# WORK REQUIRED:
Print exactly the lines from the one containing "Cargador de coche" through the last line of the listing, both included.

# DATASET EXCERPTS:

Segment Open

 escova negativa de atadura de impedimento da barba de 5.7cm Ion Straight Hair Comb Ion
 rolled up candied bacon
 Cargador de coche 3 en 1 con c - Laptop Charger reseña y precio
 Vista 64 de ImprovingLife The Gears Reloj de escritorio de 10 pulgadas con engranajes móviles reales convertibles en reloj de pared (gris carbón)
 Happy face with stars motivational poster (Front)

Segment Closed

# EXPECTED ANSWER:
 Cargador de coche 3 en 1 con c - Laptop Charger reseña y precio
 Vista 64 de ImprovingLife The Gears Reloj de escritorio de 10 pulgadas con engranajes móviles reales convertibles en reloj de pared (gris carbón)
 Happy face with stars motivational poster (Front)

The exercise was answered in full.